10. Conclusion I This work enable state-of-the-art research into the physical security of networks of autonomous systems. Specifically, this project will help foster new research into identifying and mitigating attacks on autonomous platforms (UGVs, UAVs) that were designed to exploit security weaknesses in logical systems such as software or cryptographic protocols in order to gain access to the unauthorized information, disable the functions of the sensors as well as extract information from the sensors and actuators of an autonomous system, and inject false information into an automotive autonomous system in order to redirect its path and behavior. Since many autonomous systems obtain their external information via wireless transmissions, either from a command-and-control center or from another autonomous system, this presents a possible vulnerability for attack from an external entity.
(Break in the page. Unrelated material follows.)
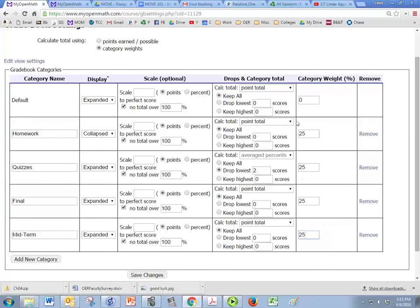Now, again, when you take your course, you can make those weights be whatever you'd like as long as they add up to 100.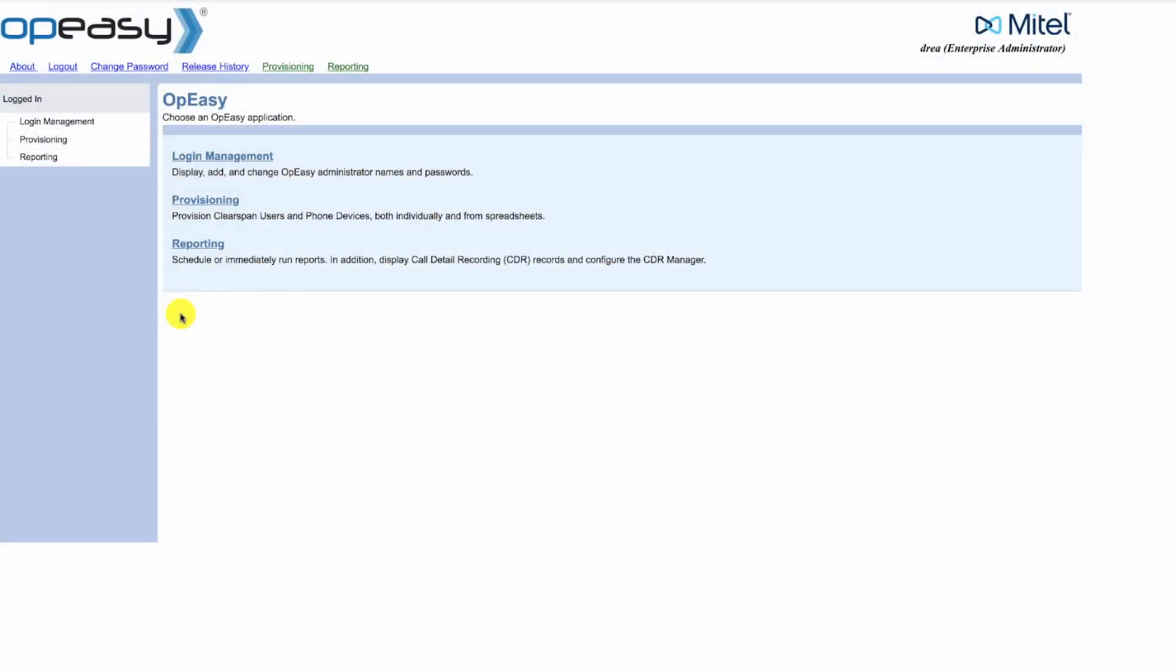Hello and welcome to Mitel training. Today you will learn how to add voicemail to existing users. From the OpEasy menu, click on Provisioning.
Moreover, given the dependency of most autonomous systems on embedded processors and sensor systems located throughout a platform, this proposed project will help enable research into identifying various forms of embedded processor hardware and firmware attacks, as well as provide a resource for assessing the effectiveness of new approaches to harden these embedded processors.

11. Conclusion II
With the current research efforts being pursued in the area of security for autonomous systems, almost all activities are focused on attacks and vulnerabilities that take place at the network layer and above. Conversely, research efforts into securing the lower layers of these systems have been rather minimal and remain to be extensively explored, such as attacks on chips, tampering, reverse engineering, anti-counterfeiting, and information leakage. Thus, given the high level of dependency that these systems possess with respect to the physical environment around them, such as sensory information, microcontrollers, and control data between different platforms, and coupling with these vulnerabilities the exponential growth in the area of complex networks of autonomous platforms, research into physical security of networks of autonomous systems has the potential to be transformative and very high impact given our growing reliance on this technology. Moreover, these issues and their potential solutions lie at the boundaries of embedded processing, physical security, robotics, and wireless communications Research work developed evaluation methods for assessing the security of networks of autonomous systems. It is necessary to underline that this is the first work that attempts to assess autonomous system security for networks of both unmanned ground vehicles and unmanned aerial vehicles. However, in order to achieve these goals, specialized equipment is needed to accurately assess and evaluate these systems.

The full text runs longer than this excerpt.